Recorded information ▸
· · ·

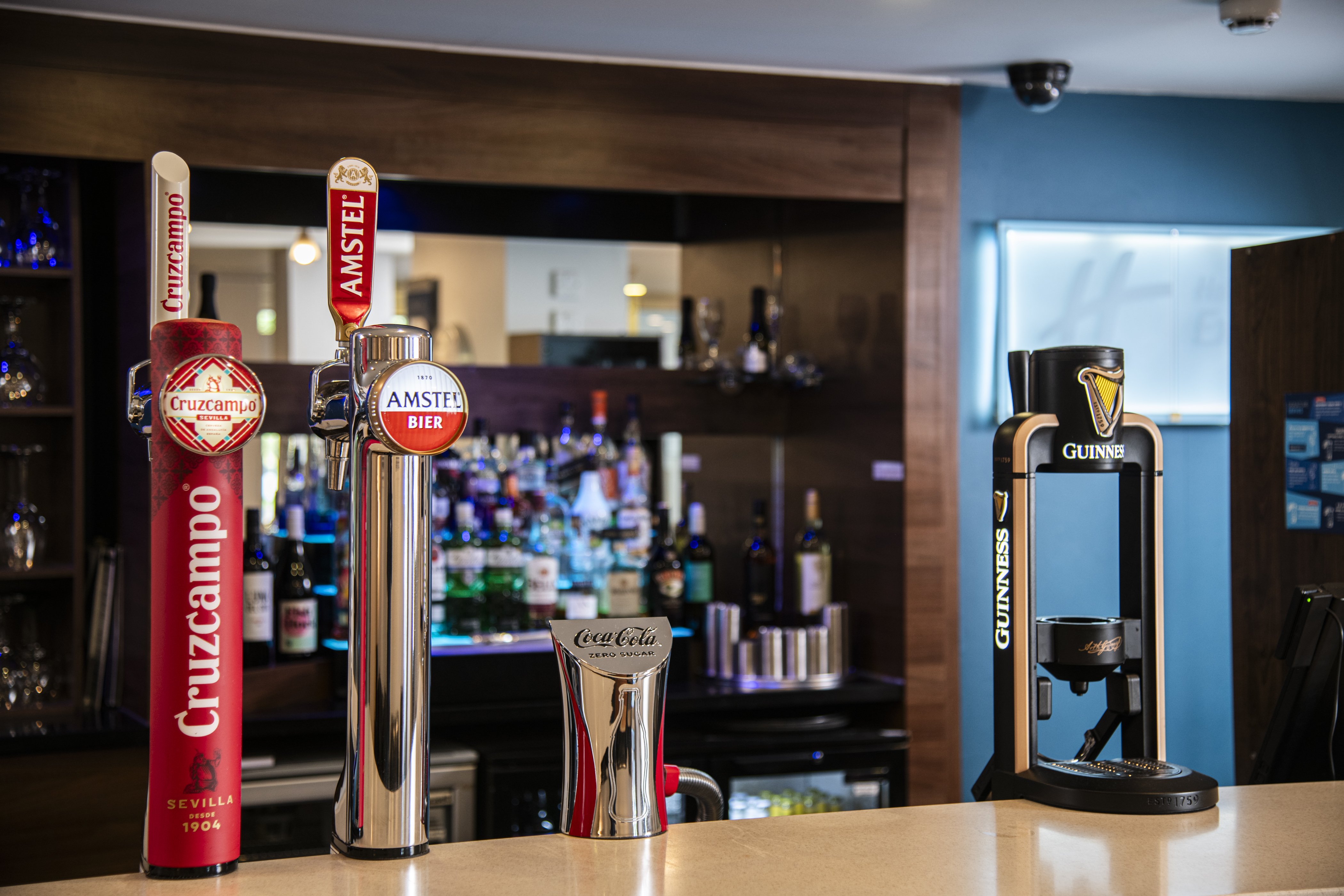 holiday inn express stirling by ihg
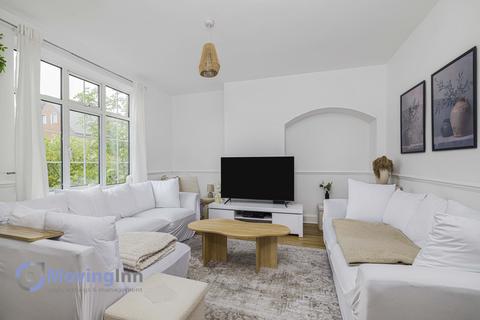 Reigate Road, Bromley, Kent, BR1 2 bed terraced house for sale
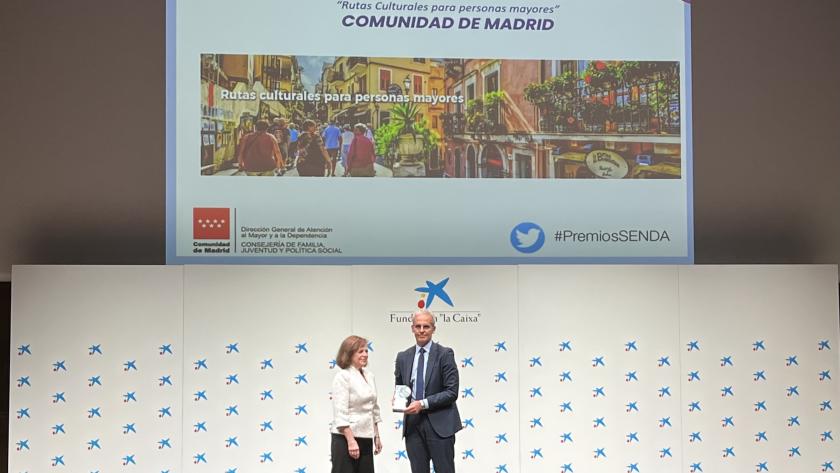 El viceconsejero en el escenario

· · ·

Task item ▸
Exact copy, no pictures: please print the data above once more.

Written solution ▸
 holiday inn express stirling by ihg
 Reigate Road, Bromley, Kent, BR1 2 bed terraced house for sale
 El viceconsejero en el escenario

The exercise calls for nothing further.